(Work request) In the copy, include every entry exactly but none of its images.

Data entries
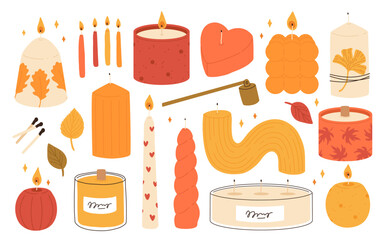 Various autumn Candles. Different shapes and sizes. Pillar, jar candle, square, container candle, heart shaped. Decorative fall wax candles with leaves and autumn elements. Matches, candle snuffer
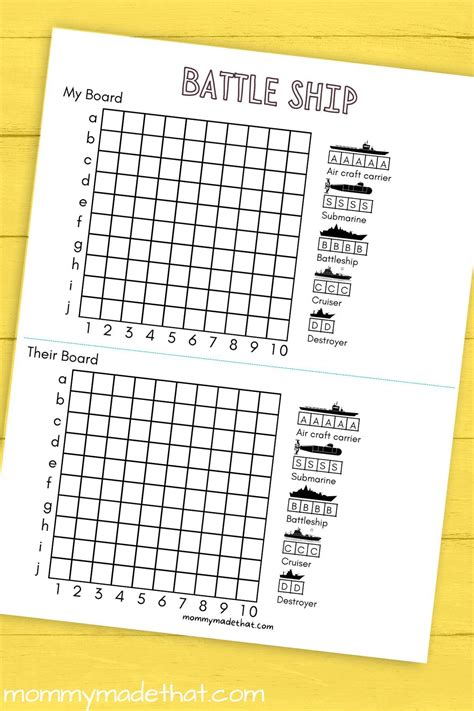 Printable Battleship Game (Free Printable Game Boards) | Battleship ...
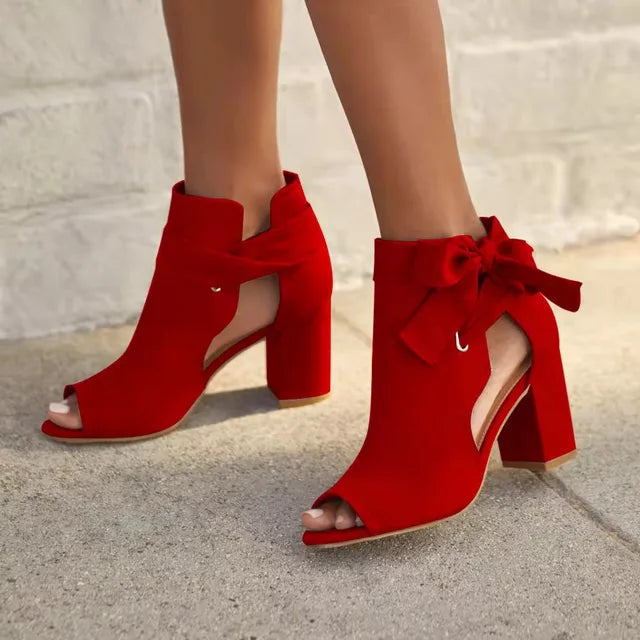 Women's Peep-Toe Booties with Side Bow Detail – Red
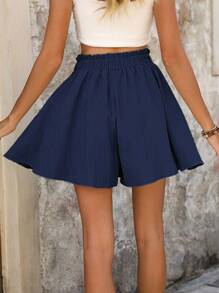 EMERY ROSE Shorts femme de couleur unie, style minimaliste à la mode, convient pour l'été - Bleu marine - Voir 2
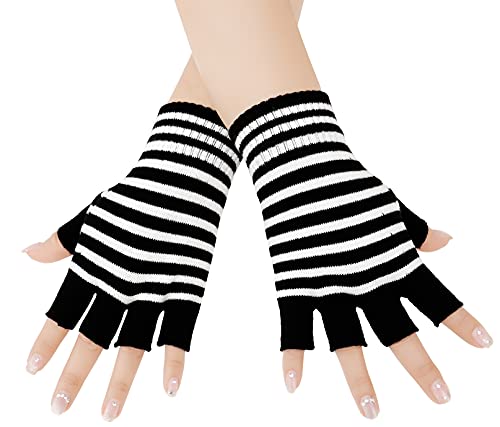 Bienvenu Unisex Handschuhe, dehnbar, fingerlos, Skelett, Handschuhe, Schwarz, Einheitsgröße von Bienvenu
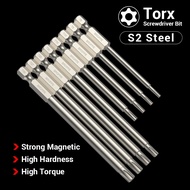 Security Tamperproof Screwdriver Bits Torx Head 50/75/100/150mm, 6 Point S2 Steel Magnetic Tamper Pr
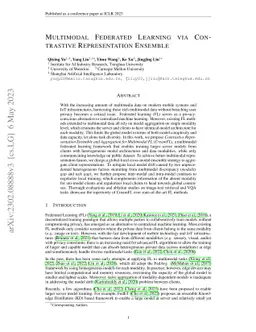 Multimodal Federated Learning via Contrastive Representation Ensemble
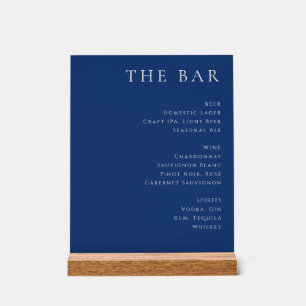 Elegant Navy Blue Serif Bar Menu Acrylic Sign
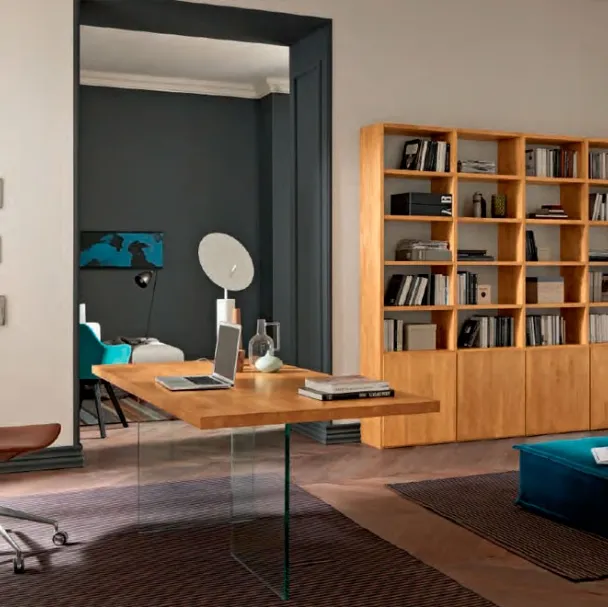 Libreria a muro in legno con vani a giorno e ante chiuse Mixer CM12 di FGF Mobili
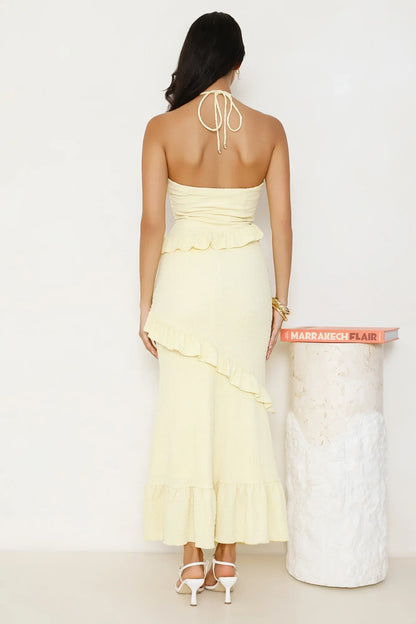 Mango Mojito Halter Maxi Dress Yellow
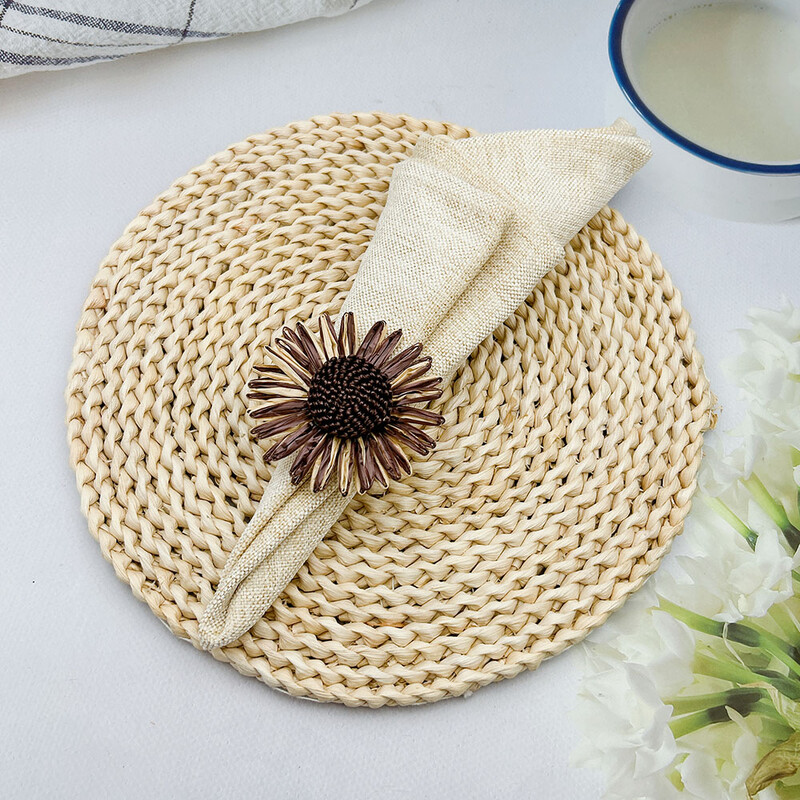 12 kom. Umjetno cvijeće Prstenovi za salvete Raznobojni suncokret Držač za salvete Vjenčani buketi Baby Shower Party Dekoracije za dom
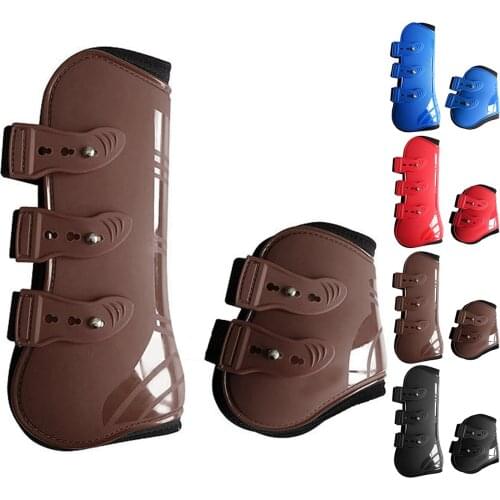 4pcs/Lot Horse Front Hind Leg Boots Adjustable Horse Leg Guard Protector Fit For Equestrian Performance Competition Training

(Written solution)
 Various autumn Candles. Different shapes and sizes. Pillar, jar candle, square, container candle, heart shaped. Decorative fall wax candles with leaves and autumn elements. Matches, candle snuffer
 Printable Battleship Game (Free Printable Game Boards) | Battleship ...
 Women's Peep-Toe Booties with Side Bow Detail – Red
 EMERY ROSE Shorts femme de couleur unie, style minimaliste à la mode, convient pour l'été - Bleu marine - Voir 2
 Bienvenu Unisex Handschuhe, dehnbar, fingerlos, Skelett, Handschuhe, Schwarz, Einheitsgröße von Bienvenu
 Security Tamperproof Screwdriver Bits Torx Head 50/75/100/150mm, 6 Point S2 Steel Magnetic Tamper Pr
 Multimodal Federated Learning via Contrastive Representation Ensemble
 Elegant Navy Blue Serif Bar Menu Acrylic Sign
 Libreria a muro in legno con vani a giorno e ante chiuse Mixer CM12 di FGF Mobili
 Mango Mojito Halter Maxi Dress Yellow
 12 kom. Umjetno cvijeće Prstenovi za salvete Raznobojni suncokret Držač za salvete Vjenčani buketi Baby Shower Party Dekoracije za dom
 4pcs/Lot Horse Front Hind Leg Boots Adjustable Horse Leg Guard Protector Fit For Equestrian Performance Competition Training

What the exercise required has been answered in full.